● **WORK TO COMPLETE**
Write out the data exactly, every line included.

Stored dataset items
+ + + +
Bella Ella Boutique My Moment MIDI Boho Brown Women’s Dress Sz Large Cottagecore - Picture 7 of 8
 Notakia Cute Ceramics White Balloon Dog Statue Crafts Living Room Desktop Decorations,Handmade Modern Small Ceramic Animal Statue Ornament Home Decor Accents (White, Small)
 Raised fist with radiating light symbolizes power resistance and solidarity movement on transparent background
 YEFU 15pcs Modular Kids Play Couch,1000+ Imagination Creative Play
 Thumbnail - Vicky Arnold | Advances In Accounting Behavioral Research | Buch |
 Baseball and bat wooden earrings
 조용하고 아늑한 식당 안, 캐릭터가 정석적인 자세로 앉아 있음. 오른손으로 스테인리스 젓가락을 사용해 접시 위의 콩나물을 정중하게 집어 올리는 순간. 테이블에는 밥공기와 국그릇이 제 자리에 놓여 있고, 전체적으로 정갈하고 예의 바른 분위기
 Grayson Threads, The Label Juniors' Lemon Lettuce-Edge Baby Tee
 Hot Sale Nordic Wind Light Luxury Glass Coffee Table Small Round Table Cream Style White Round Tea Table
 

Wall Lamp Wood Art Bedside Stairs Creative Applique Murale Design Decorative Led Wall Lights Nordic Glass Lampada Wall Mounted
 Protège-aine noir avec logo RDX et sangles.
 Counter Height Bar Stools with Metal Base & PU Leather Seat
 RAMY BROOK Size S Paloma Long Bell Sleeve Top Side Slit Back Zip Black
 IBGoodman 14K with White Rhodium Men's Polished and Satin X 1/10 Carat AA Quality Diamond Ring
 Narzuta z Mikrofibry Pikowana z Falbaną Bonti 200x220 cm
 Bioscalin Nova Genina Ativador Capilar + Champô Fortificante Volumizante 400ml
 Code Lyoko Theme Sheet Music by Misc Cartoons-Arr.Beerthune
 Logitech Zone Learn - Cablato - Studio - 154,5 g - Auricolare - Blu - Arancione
+ + + +
● **OUTPUT**
Bella Ella Boutique My Moment MIDI Boho Brown Women’s Dress Sz Large Cottagecore - Picture 7 of 8
 Notakia Cute Ceramics White Balloon Dog Statue Crafts Living Room Desktop Decorations,Handmade Modern Small Ceramic Animal Statue Ornament Home Decor Accents (White, Small)
 Raised fist with radiating light symbolizes power resistance and solidarity movement on transparent background
 YEFU 15pcs Modular Kids Play Couch,1000+ Imagination Creative Play
 Thumbnail - Vicky Arnold | Advances In Accounting Behavioral Research | Buch |
 Baseball and bat wooden earrings
 조용하고 아늑한 식당 안, 캐릭터가 정석적인 자세로 앉아 있음. 오른손으로 스테인리스 젓가락을 사용해 접시 위의 콩나물을 정중하게 집어 올리는 순간. 테이블에는 밥공기와 국그릇이 제 자리에 놓여 있고, 전체적으로 정갈하고 예의 바른 분위기
 Grayson Threads, The Label Juniors' Lemon Lettuce-Edge Baby Tee
 Hot Sale Nordic Wind Light Luxury Glass Coffee Table Small Round Table Cream Style White Round Tea Table
 

Wall Lamp Wood Art Bedside Stairs Creative Applique Murale Design Decorative Led Wall Lights Nordic Glass Lampada Wall Mounted
 Protège-aine noir avec logo RDX et sangles.
 Counter Height Bar Stools with Metal Base & PU Leather Seat
 RAMY BROOK Size S Paloma Long Bell Sleeve Top Side Slit Back Zip Black
 IBGoodman 14K with White Rhodium Men's Polished and Satin X 1/10 Carat AA Quality Diamond Ring
 Narzuta z Mikrofibry Pikowana z Falbaną Bonti 200x220 cm
 Bioscalin Nova Genina Ativador Capilar + Champô Fortificante Volumizante 400ml
 Code Lyoko Theme Sheet Music by Misc Cartoons-Arr.Beerthune
 Logitech Zone Learn - Cablato - Studio - 154,5 g - Auricolare - Blu - Arancione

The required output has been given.